On the 5th, Personal Information Protection Commission Chairperson Song Kyung-hee said, "We will impose strong punishment for acts that could infringe on the basic rights of the public, such as when serious incidents occur or personal information leaks happen repeatedly."
Chairperson Song said this at a press briefing held at Government Complex Seoul on the afternoon of the same day, noting, "We could create additional regulations for such matters." Regarding the announcement to shift the response paradigm to personal information leaks toward preemptive prevention, Song emphasized, "Prevention in advance absolutely does not mean prior regulation," and "the preventive framework should not be misunderstood as prior regulation."
Addressing a question that "concerns are being raised that the Personal Information Protection Commission could create many new regulations going forward," Song said, "The benefits that can be obtained from regulation must be greater than the expense," adding, "This means we will deliberate carefully whenever we create any regulation."
Chairperson Song explained, "We know the reality that no matter how much you invest in prevention, you cannot block incidents 100%," and "even if an incident occurs, we will recognize corporations that made efforts, and we aim to induce a framework that allows voluntary participation rather than regulation." The Personal Information Protection Commission has continued to stress its policy of shifting the response paradigm to personal information leaks from ex post sanctions to a preemptive prevention system. It has also stated that it will, in the mid to long term, review the introduction of more effective sanction tools, such as a punitive penalty surcharge system.
Regarding the recently issued SKT dispute mediation plan, Chairperson Song said, "The dispute mediation committee is an organization that operates independently under the Personal Information Protection Act," adding, "It is a structure that operates together when an individual has not been sufficiently compensated in terms of overall compensation." On the 3rd, the Personal Information Dispute Mediation Committee recommended that SKT pay 300,000 won each in damages for 3,998 subscribers who filed for dispute mediation against the company. On the KT personal information leak case, Song said, "The investigation is still ongoing, and once it is concluded, we will be able to explain clearly."

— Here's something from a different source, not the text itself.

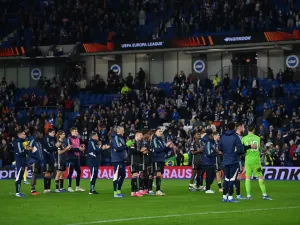 Ajax players applaud their fans after the UEFA Europa League Group B football match between Brighton and Hove Albion and Ajax at the American Express Community Stadium in Brighton, southern England on October 26, 2023. Brighton won the match 2-0. (Photo by Glyn KIRK / AFP)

Alongside the recent SKT personal information leak case, investigations into major cases involving KT, Lotte Card, and SK shieldus have followed in succession, prompting criticism that decisions on investigations and dispositions for individual cases are being delayed. In response, Chairperson Song said, "It is true that investigations are proceeding in considerable volume," and answered, "Given the overall scale of incidents and their impact on individuals, as we allocate limited personnel to conduct investigations, there are aspects where dispositions for minor cases take a long time." Song added, "The number of Researchers was 31 in 2022, and there has been no change to date," and "meanwhile, the number of dispositions has increased by 56%, and the scale of incidents has risen by more than 500%."

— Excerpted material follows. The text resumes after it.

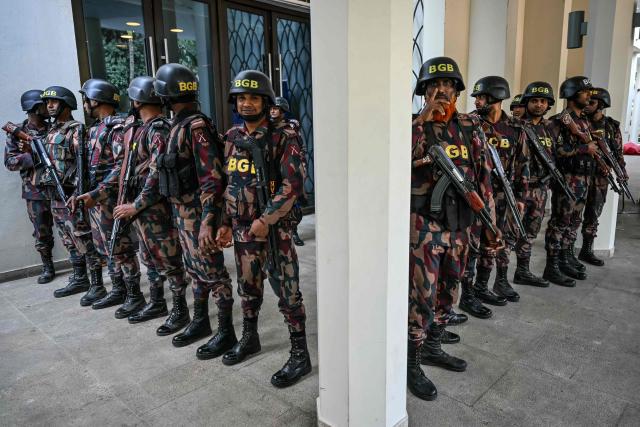 Border Guard Bangladesh (BGB) personnel stand guard outside the conference room where Bangladesh Nationalist Party (BNP) chairman Tarique Rahman is addressing media in Dhaka on February 14, 2026. Election Commission figures showed Rahman's BNP had won a landslide victory in the elections on February 12, the first since a deadly 2024 uprising ousted the iron-fisted rule of Sheikh Hasina. (Photo by MOHD RASFAN / AFP)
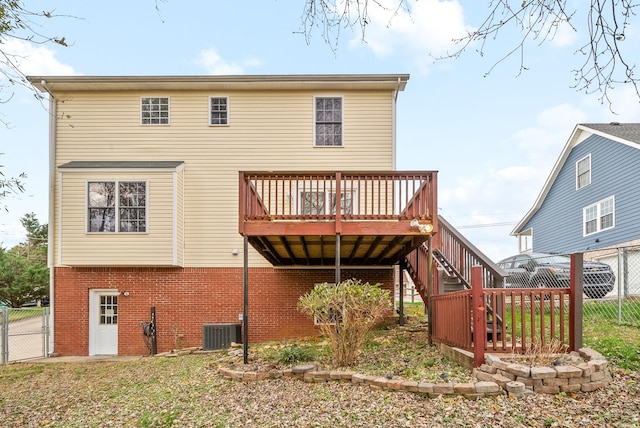 rear view of house featuring a deck and central air condition unit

Regarding the ISMS-P (personal information protection management system) scheme, Song said, "As incidents have occurred even at corporations that recently obtained certification, criticism is being raised about whether the certification is effective," adding, "Unlike ISMS, ISMS-P is not mandatory, but the protection level of certified corporations has generally improved." Song added, "Certification alone cannot prevent every incident, but it has contributed to raising corporations' security levels to some extent," and "we will improve procedures that had been limited to document reviews by introducing on-site and preliminary assessments, and after certification, we plan to conduct annual penetration tests or ex post reviews."